After a quick plunge below the -2 standard deviation Bollinger Band, the pair effected a rebound and has entered a nervous upward adjustment phase. Since the price has failed to maintain momentum to climb above the middle line, a continued presence below the middle line (even if above the -1 standard deviation band) could build a case for a stunted rebound and a return to a bear trend.
We continue with an analysis of the USDJPY weekly chart.
The weekly chart also shows sell-side momentum, with the pair cleanly breaking below the trendline drawn from 2022 levels without returning to the vicinity of that line.
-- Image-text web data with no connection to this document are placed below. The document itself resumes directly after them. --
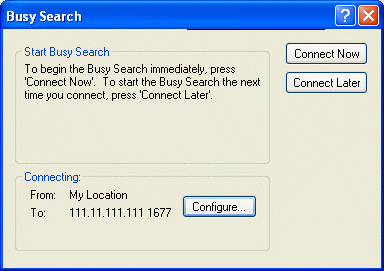 Busy Search dialog box in Remote mode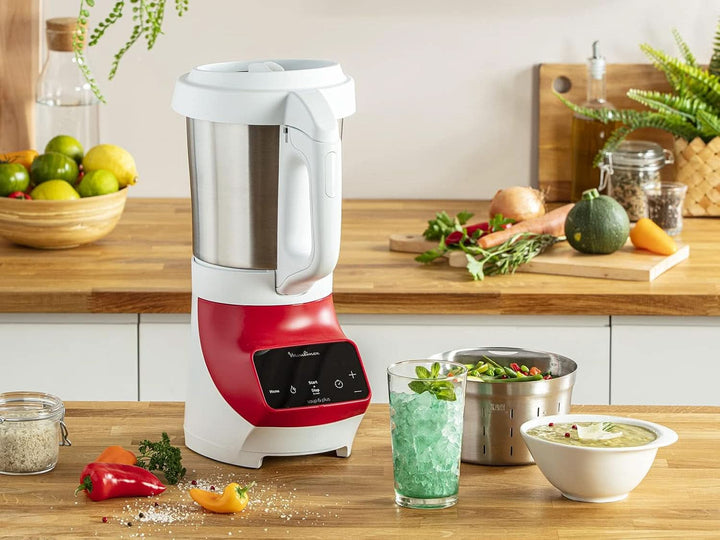Soup&Plus LM924500 Standmixer, 1100 W, Schüssel 2 L, Edelstahlklingen, 3 Automatische Programme, Manueller Modus, Perfektes Mixen, Suppen, Smoothies, Eussies, Made in France, Soup&Plus Mama si Copilul Naty Shop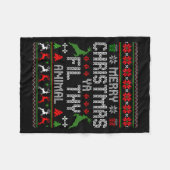 Merry Christmas Animal Filthy Ya Xmas Pajama Chris Fleece Deken (Voorkant (Horizontaal))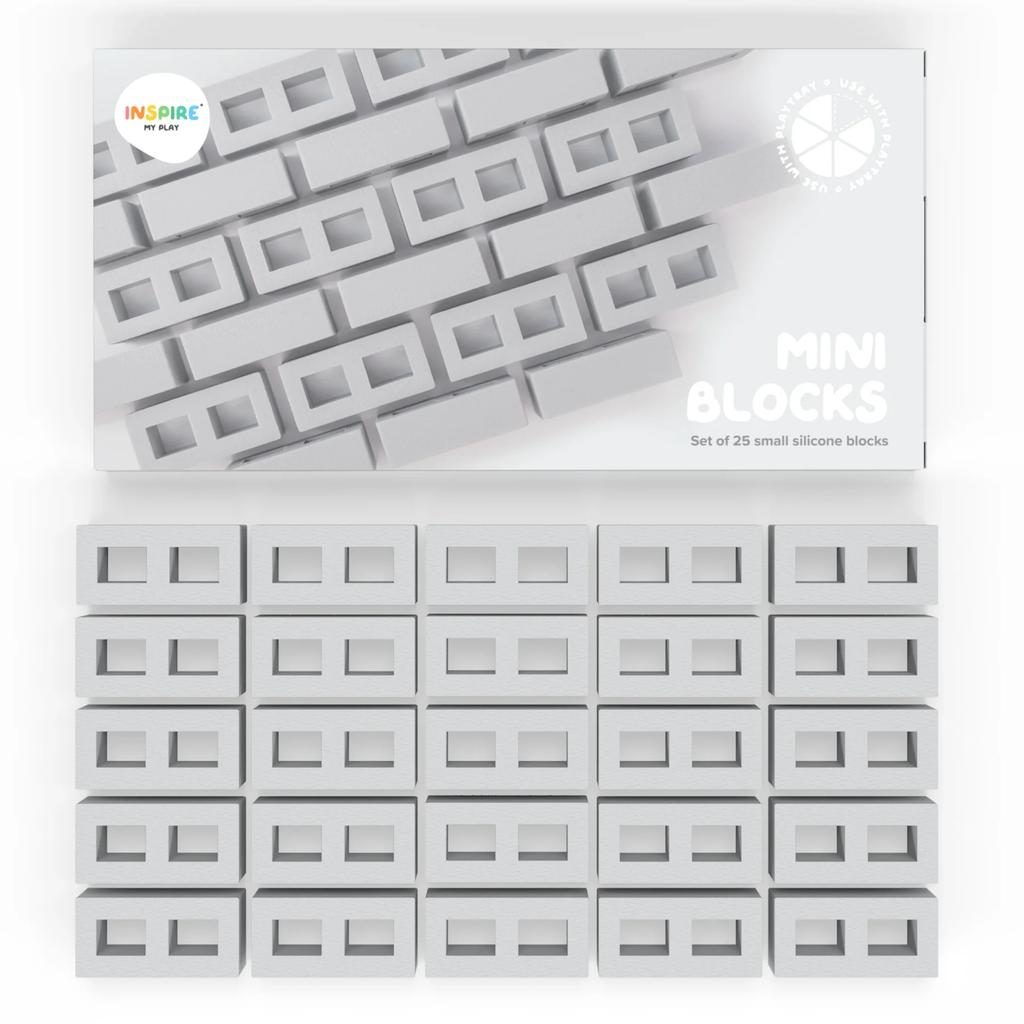 White packaging box with the text "Mini Blocks" and "Set of 25 small silicone blocks." Below, 25 rectangular, light gray blocks are neatly arranged.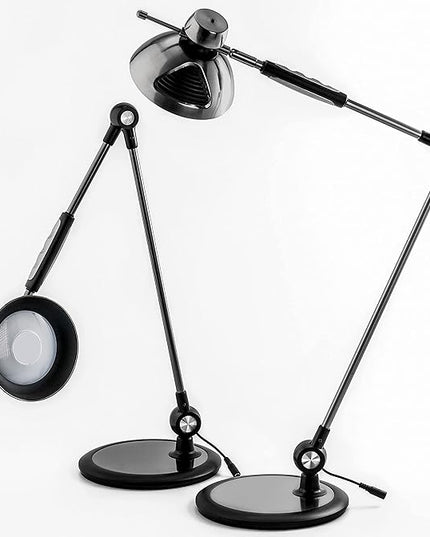 OTUS Desk Lamp Gesture Control, LED Architect Desk lamp for Home Office, Adjustable Metal Swing Arm, Tall Task Light for Drafting or Bedside Table Reading, 12 Brightness, 3 Touch Eye-Caring Modes - LeafyLoom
We can see prices moving between the -1 and -2 standard deviation Bollinger Bands already, which may be the initial state of a descending bandwalk.
EURUSD
With a July HICP release in line with expectations, the euro has no major logic for either the buy or sell side; this opens the door to a rising EURUSD due to dollar selling pressure.
Next is an analysis of the EURUSD daily chart.
The formerly staunch resistance line at 1.09810, the high from earlier this year, has been successfully broken above after multiple attempts to clear the line, with the pair now entering an ascending bandwalk.
We continue with an analysis of the EURUSD weekly chart.
The weekly chart also shows a promising upside scenario with the pair closing above last year's high of 1.11497 in the most recent trading week.
GBPUSD
The pound has no strong releases driving buy or sell logic in the upcoming week. This suggests it may be worth pursuing a bullish position with the GBPUSD on the back of a weakening dollar.
Now, we analyze the daily GBPUSD chart.
The pair has clearly and resolutely surpassed its recent high of 1.30445. The fact that the usual psychological resistance posed by a round number price level like 1.3 did not seem to faze this rise shows the strength of the pair's bullish momentum.
We continue with an analysis of the GBPUSD weekly chart.
The chart shows a break well above last spring's high of 1.29958.
Naturally, there is the potential that this is a false breakout, but given that the pair has climbed above a key long-term line, a bullish position seems justified.